* **Instructions to follow**
Exactly as written and without the pictures, output the entries below.

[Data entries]
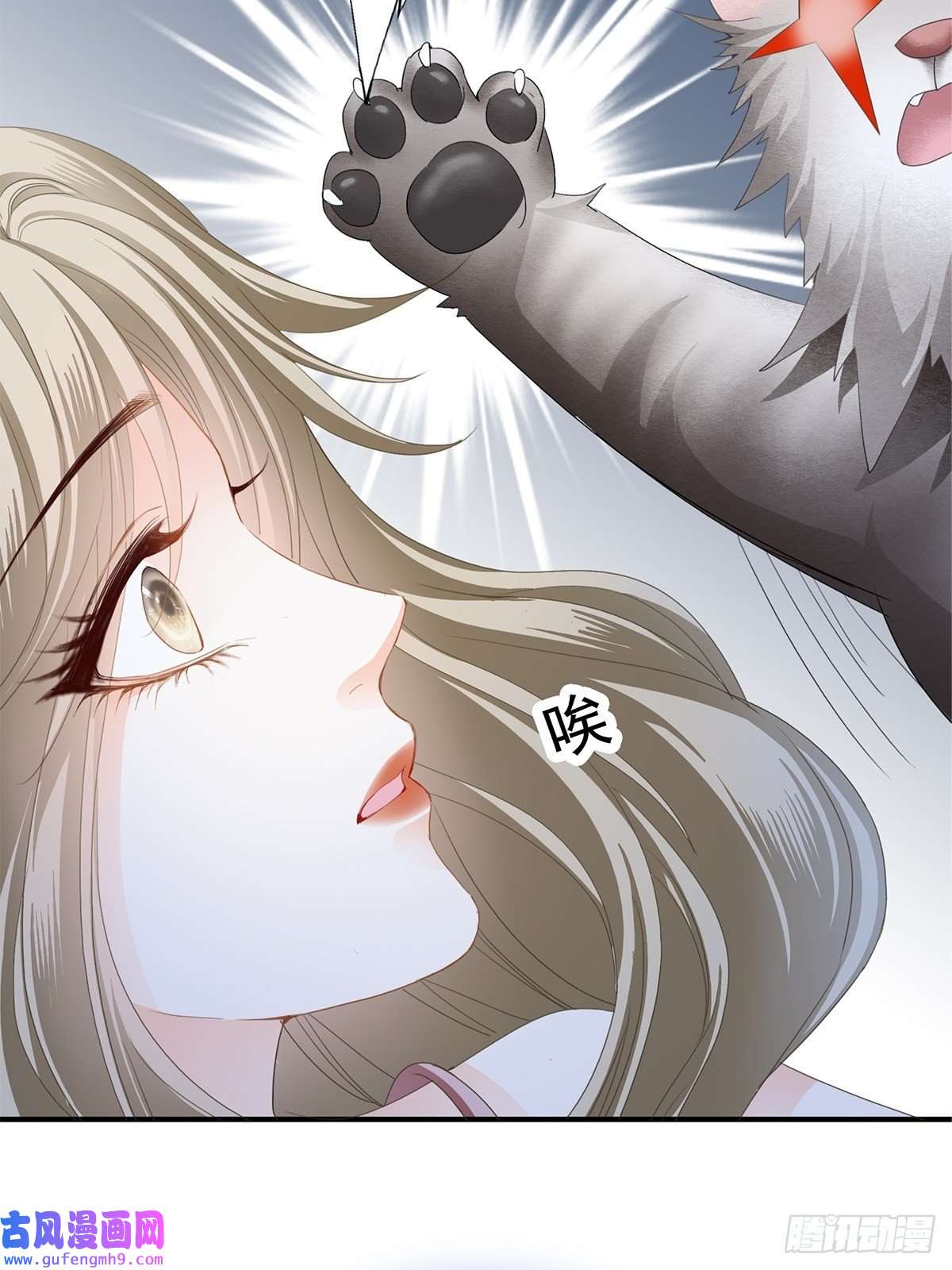 暴君爱人冷水澡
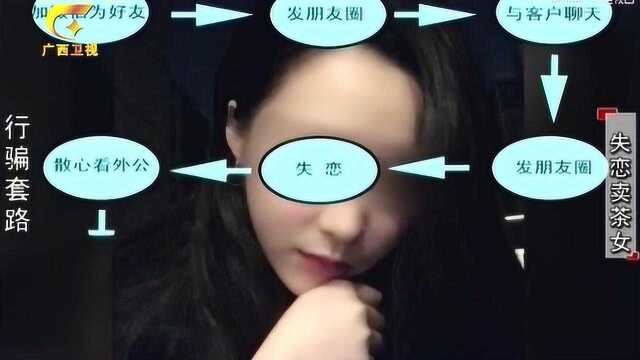 微信有美女加你,一定要注意了,小伙揭露“美人”的行骗套路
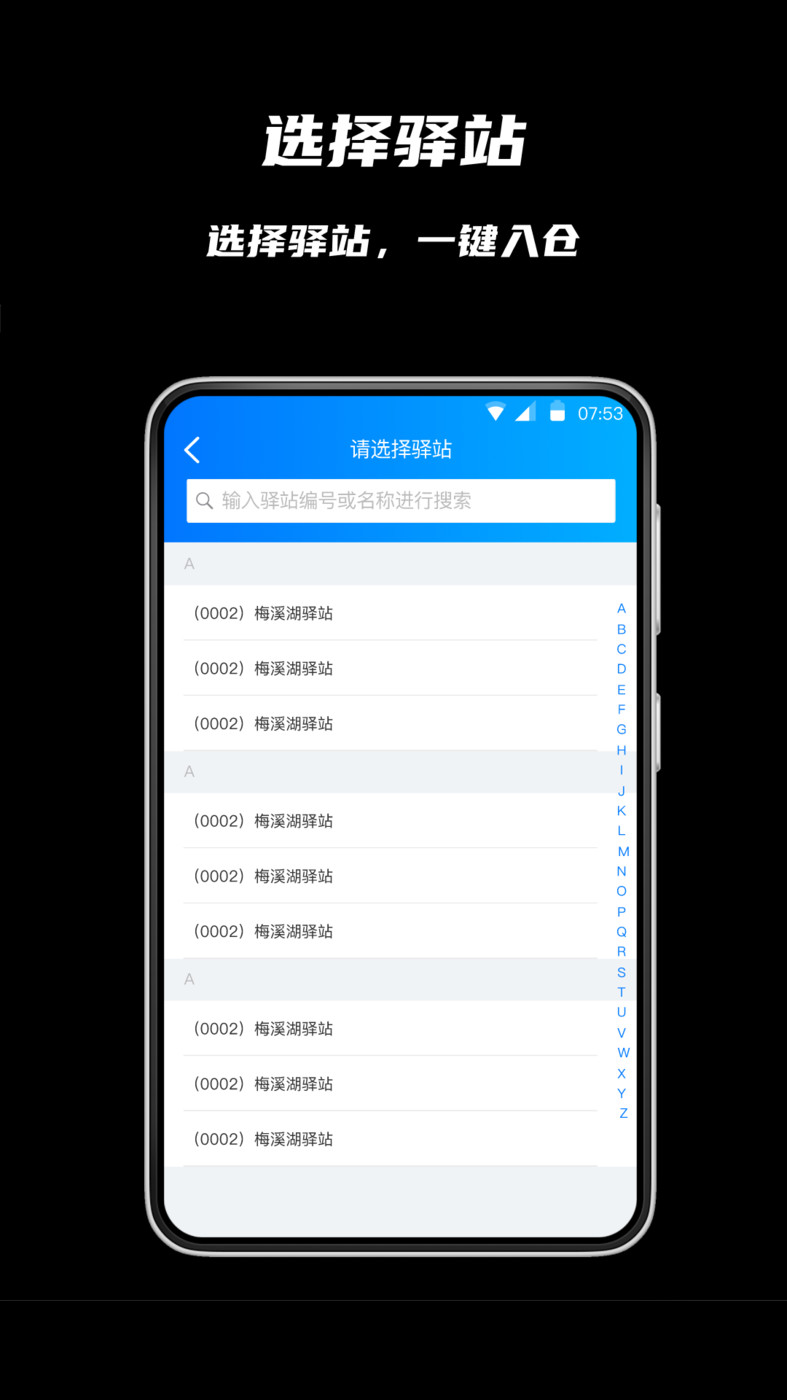 眾享驛站倉庫端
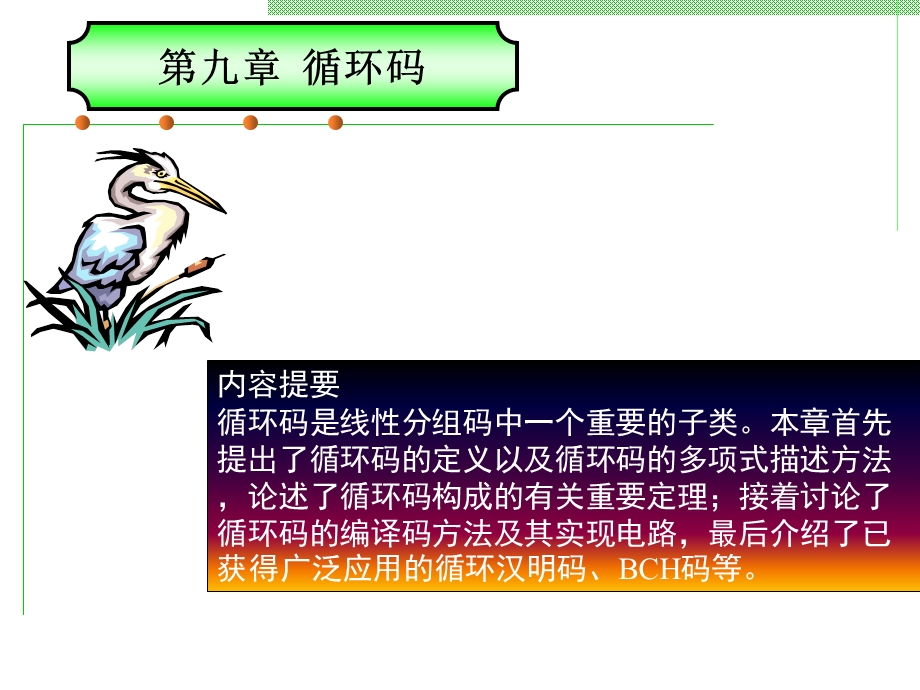 【教学课件】第九章循环码.ppt_第2页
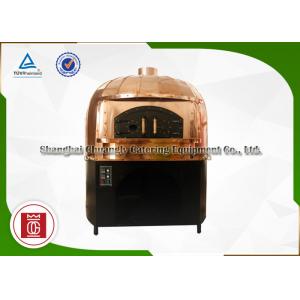 China Electric Italy Pizza Oven Natural Fire Resistant Lava Rock 12 Inch supplier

* **Exercise result**
 暴君爱人冷水澡
 微信有美女加你,一定要注意了,小伙揭露“美人”的行骗套路
 眾享驛站倉庫端
 【教学课件】第九章循环码.ppt_第2页
 China Electric Italy Pizza Oven Natural Fire Resistant Lava Rock 12 Inch supplier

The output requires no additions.